False prophets too, with wringing hands belying lack of vision
Lying too, enabling denial.
Ours is to serve, not think nor stray from the mantras of false prophecy
And of words debased
Pakal knew this though never knew of Sumer though both would fall
Life cares nought for sacrificed children.
Such dogmas are the remit of priests and profits
Priests die, belief lives on and we must all bask in its radiance
While cities sink and forests burn
Are we not chosen to walk amongst the gods?
We humans have an irrational love of structure and the more abstract, the better. Hierarchical religions rank as the most powerful abstract structures within human civilisation. They provide both a comforting illusion and a template for other dogmatic structures within society. The comforting illusion being that we humans are somehow separate from the real world and thus not limited by physical realities.
Belief in abstract falsehoods enables selfish behaviours that transcend individual religions, peoples and and time. The Mayans under Pakal the “Great” and other “divine” rulers performed human sacrifice, denuded forests and destroyed agricultural lands, all the while labouring to build temples to fictional deities. Their behaviour was hardly unique: The Sumerians, one of the first advanced settled civilisations in the Fertile Crescent also performed human sacrifice and the usual victims were children or prisoners of war.

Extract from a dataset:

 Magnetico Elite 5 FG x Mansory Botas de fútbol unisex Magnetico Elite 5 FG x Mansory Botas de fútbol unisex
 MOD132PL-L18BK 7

Throughout the late medieval and early modern periods, Christian societies burned witches and heretics as indirect offerings to God. Occasionally the hypocrisy was commented on by those whom the Church deemed sub-human. Spanish missionaries were appalled both by the Aztecs’ penchant for human sacrifice and by the bemused observation by Aztec priests that the Spanish Inquisition was essentially performing the same heinous acts in Europe.

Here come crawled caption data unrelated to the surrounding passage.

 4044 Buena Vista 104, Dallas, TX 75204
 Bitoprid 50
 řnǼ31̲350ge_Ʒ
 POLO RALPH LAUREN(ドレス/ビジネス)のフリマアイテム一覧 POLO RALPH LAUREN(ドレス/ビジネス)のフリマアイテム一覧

We moderns are little different in our devotion to abstract nonsense. Like the medieval Mayans we devote enormous quantities of time and energy to our own man-made gods and belief systems. Our prevailing dogma is that of economic determinism: A belief that societies are and must be divided into competing economic classes whose relative power is determined by the nature of the economic system.

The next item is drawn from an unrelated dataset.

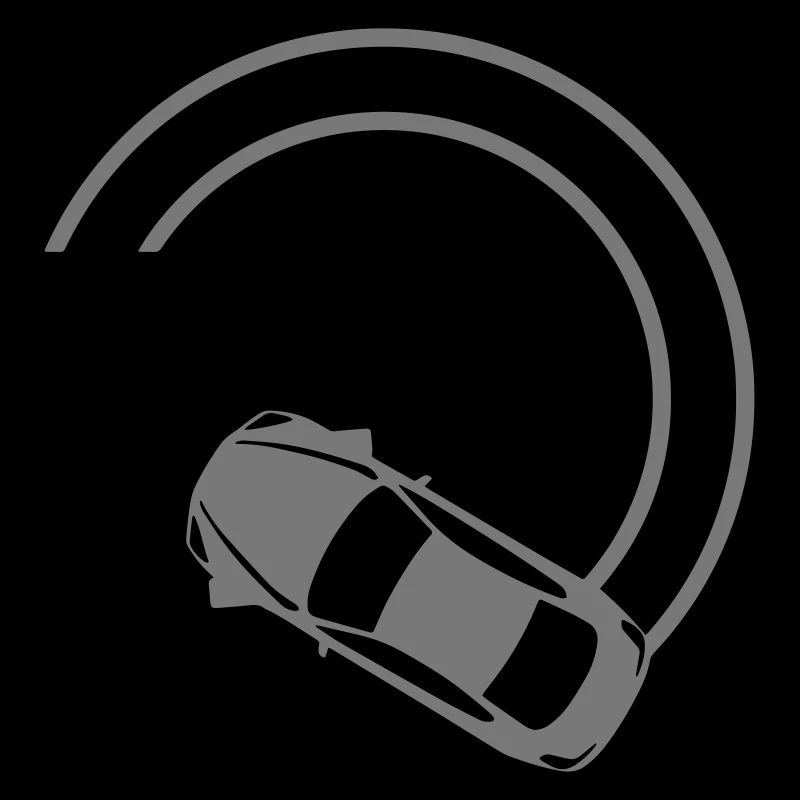 Drifting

Within that context, human life and dignity is of secondary importance to that of abstract market-forces. These days human sacrifice translates into wage-slavery, child-labour and mass death in order to produce banal goods of questionable quality. The mantras of today include terms such as “global economy”, “free markets”, “consumer choice” and “cost-effective”.
Those most determined to maintain the status quo adore such mantras and work to discourage and obfuscate any critical assessment of objective reality. Banks, businesses, and ideological politicians twist language in order to enable denial of reality. Unsuited as these forces are to providing insight or direction for society, their very unsuitability becomes obvious whenever reality strikes. Be it Houston, New Orleans or Bangladesh, the most that these forces can do is utter platitudes while thousands die or are displaced.
The reality is that our prevailing methods and ideologies are incompatible with the greater forces of the natural world. However, rather than admit there is a problem and that we humans exist as part of and not separate from the natural world, our civilisation retreats into denial and lying. Climate science is attacked as “a Chinese hoax”. The destruction wrought by Hurricane Harvey is touted as divine punishment for homosexuality. Meanwhile, disparate but related events aggravated by human activity and climate change are ignored, be they floods in the US and Bangladesh or wild-fires in British Columbia, Alberta and California.
The aim of the denial and obfuscation is to ensure continuity of methods and beliefs that don’t work. Hence mansions will be rebuilt (with tax incentives) in the Malibu Hills fire-plain, businesses and homes in Fort McMurray will be rebuilt (in order to further exploit the oil-sands) and churches will continue to pass around collection plates in Houston.
There’s an old cliché that history repeats itself but that statement isn’t entirely true. History is full of precedents be they technological, ideological or individual. It is far more accurate to say that humans are prone to repeating amoral behaviours. As with the Mayans and the Sumerians, our modern society is heading towards collapse due to its preoccupation with abstract nonsense and a belief that we, as a species are special. The reality being that “Mother Nature” or life doesn’t care. But then why should we worry about reality when our own beliefs would have us walk with the gods?